In 1493 the Papal Bull “Inter Caetera,” was issued by Pope Alexander VI.

The document established the “Doctrine of Discovery” and was central to

Spain’s Christianizing strategy to ensure “exclusive right” to enslaved

Indigenous Peoples and lands invaded by Columbus the year prior. This

decree also made clear the Pope’s threat to forcibly assimilate

Indigenous Peoples to Catholicism in order to strengthen the “Christian

Empire.” This doctrine lead to successive generational patterns of

genocidal and ecocidal wars waged by European settler colonizers against

Indigenous lives, lands, spirit, and the living world of all of our

relations. In 1823 the “Doctrine of Discovery” was written into U.S. law

as a way to deny land rights to Indigenous Peoples in the Supreme Court

case, Johnson v. McIntosh. In a unanimous decision, Chief Justice John

Marshall wrote that Christian European nations had assumed complete

control over the lands of “America” during the “Age of Discovery”. And

in declaring “independence” from the Crown of England in 1776, he noted,

that the U.S. had in effect and thus by law inherited authority over

these lands from Great Britain, “notwithstanding the occupancy of the

natives, who were heathens
” According to the ruling, Indigenous Peoples

did not have any rights as independent nations, but only as tenants or

residents of the U.S. on their own lands. To this day, the ”Doctrine of

Discovery” has not been repudiated and Johnson v. McIntosh has not been

overruled.

The genealogy of the Native vote is tied to boarding schools, Christian

indoctrination, allotment programs, and global wars that established

U.S. imperialism. U.S. assimilation policies were not designed as a

benevolent form of harm reduction, they were an extension of a military

strategy that couldn’t fulfill its genocidal programs. Citizenship was

forced onto Indigenous Peoples as part of colonial strategy to, “Kill

the Indian and save the man.”

There was a time when Indigenous Peoples wanted nothing to do with U.S.

citizenship and voting.

Katherine Osborn, an ethnohistorian at Arizona State University states,

“[Indigenous] polities hold a government-to-government relationship with

the United States. Thus, their political status is unique, and that

means that they are not just another minority group hoping for inclusion

in the U.S. political order. For indigenous communities, protecting

their sovereignty as tribal nations is the paramount political concern.”

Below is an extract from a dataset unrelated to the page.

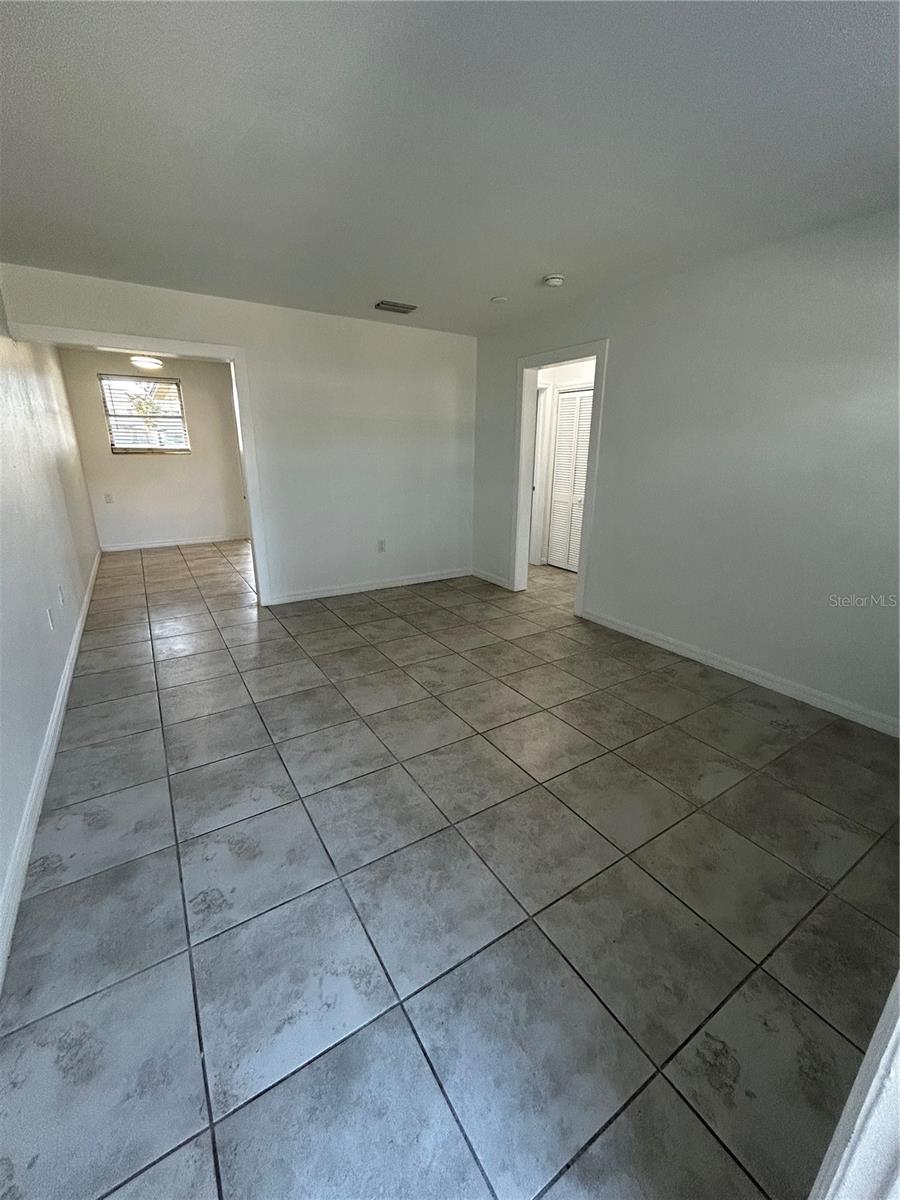 Image 3 of 7 For 1984 East Avenue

When the U.S. constitution was initially created, each state could

determine who could be citizens at their discretion. Some states rarely

granted citizenship and thereby conferred the status to select

Indigenous Peoples but only if they dissolved their tribal relationships

and became “civilized.” This typically meant that they renounced their

tribal affiliation, paid taxes, and fully assimilated into white

society. Alexandra Witkin writes in To Silence a Drum: The Imposition of

United States Citizenship on Native Peoples, “Early citizenship policy

rested upon the assumption that allegiance could only be given to one

nation; thus peoples with an allegiance to a Native nation could not

become citizens of the United States.” The preference though was not to

respect and uphold Indigenous sovereignty, but to condemn it as

“uncivilized” and undermine it through extreme tactics of forced

assimilation.

When the 14th Amendment to the U.S. Constitution was ratified in 1868,

it granted citizenship only to men born or naturalized in the U.S., this

included former slaves but was interpreted to not apply to Indigenous

Peoples except for those who assimilated and paid taxes. The 15th

Amendment was subsequently passed in 1870 to ensure the right of U.S.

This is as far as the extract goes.